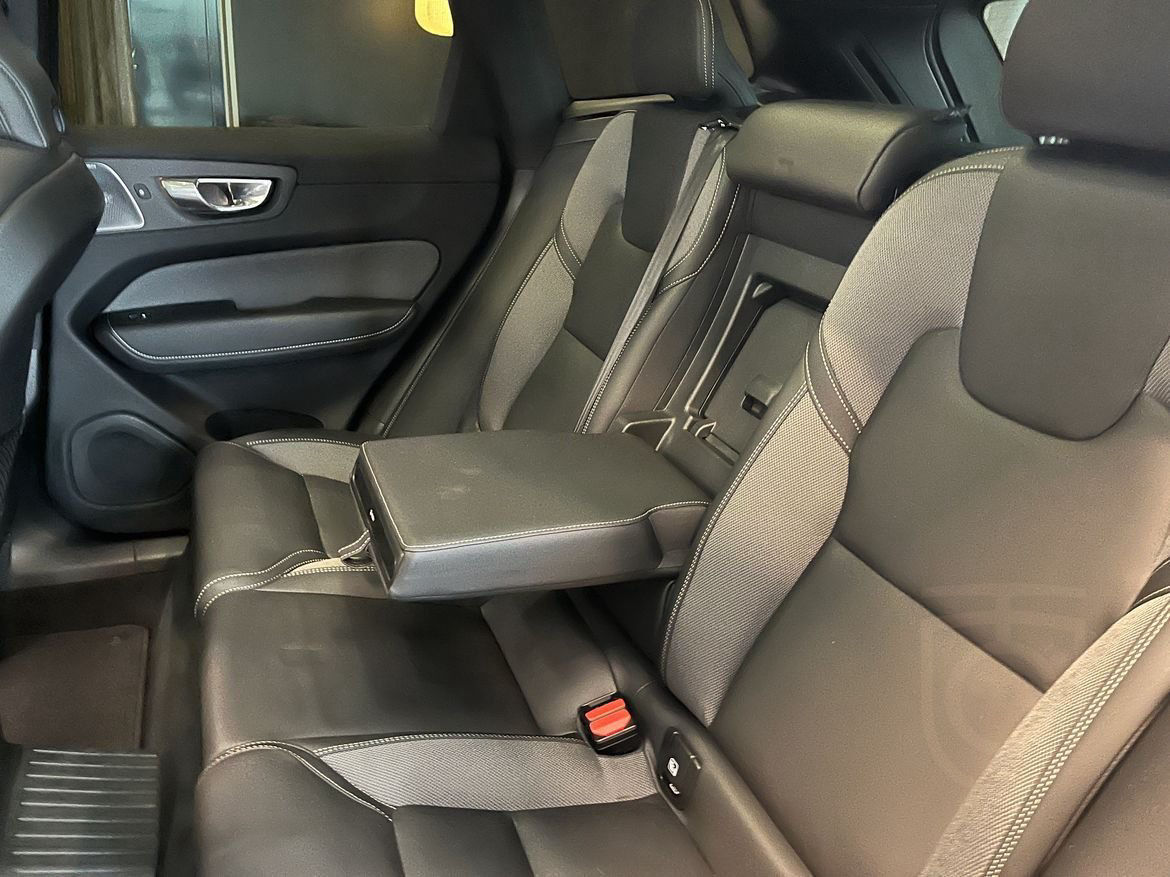 Volvo XC60 T8 Plus Dark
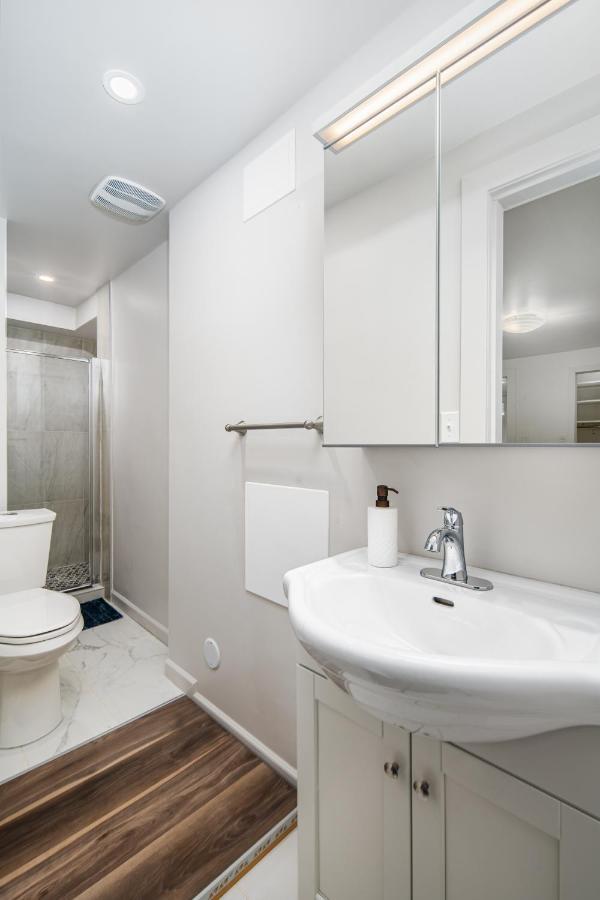 Gorgeous 4 Bedroom Garden Level Suite At Vancouver West & Ubc Eksteriør bilde
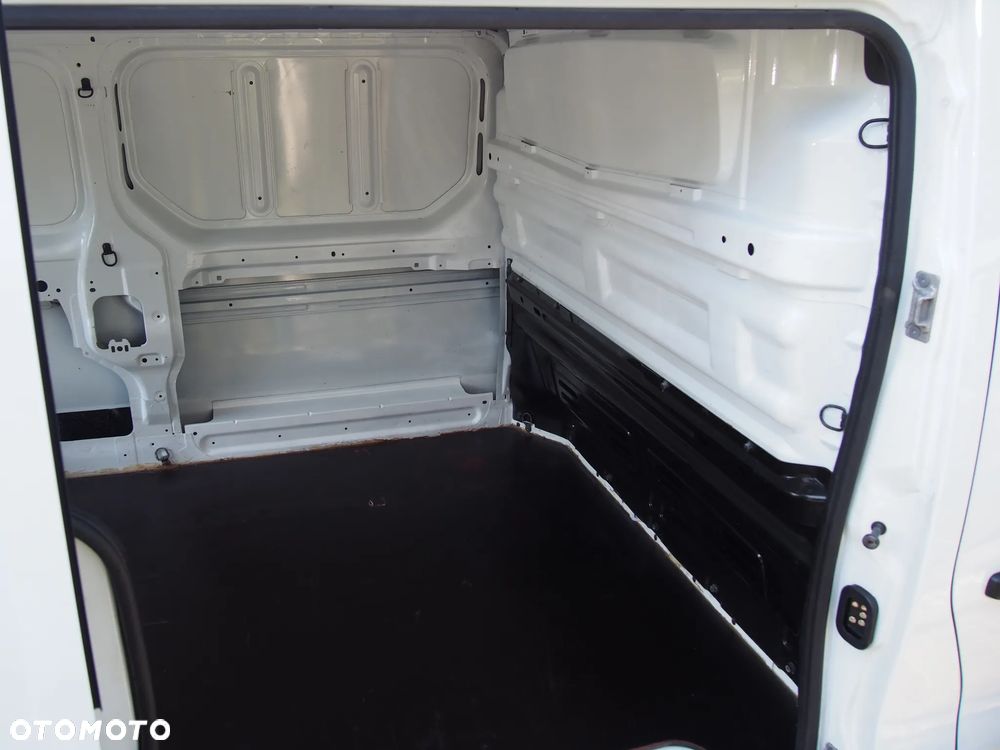 Opel VIVARO - 17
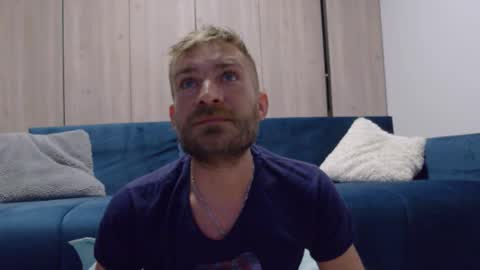 Snapshot of 10in_deluxe chatting on October 25, 2025, 5:19 pm 10in_deluxe online show from October 25, 2025, 5:19 pm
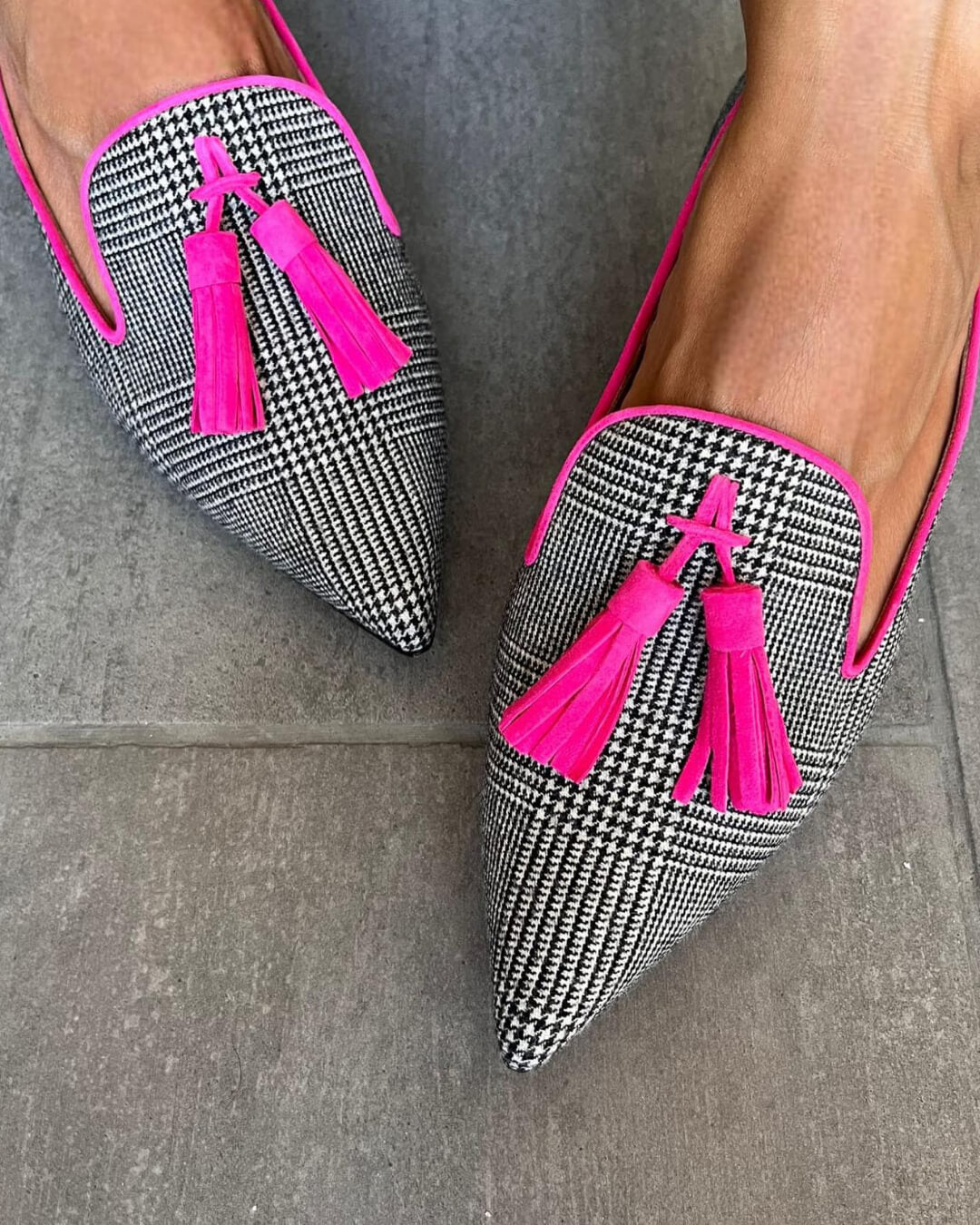 ŠPIČKOVÉ LOAFERKY S FLUO FRINGES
........
= What is required =
Where an entry holds a picture, drop it and transcribe everything else exactly.

= Solution =
 Volvo XC60 T8 Plus Dark
 Gorgeous 4 Bedroom Garden Level Suite At Vancouver West & Ubc Eksteriør bilde
 Opel VIVARO - 17
 Snapshot of 10in_deluxe chatting on October 25, 2025, 5:19 pm 10in_deluxe online show from October 25, 2025, 5:19 pm
 ŠPIČKOVÉ LOAFERKY S FLUO FRINGES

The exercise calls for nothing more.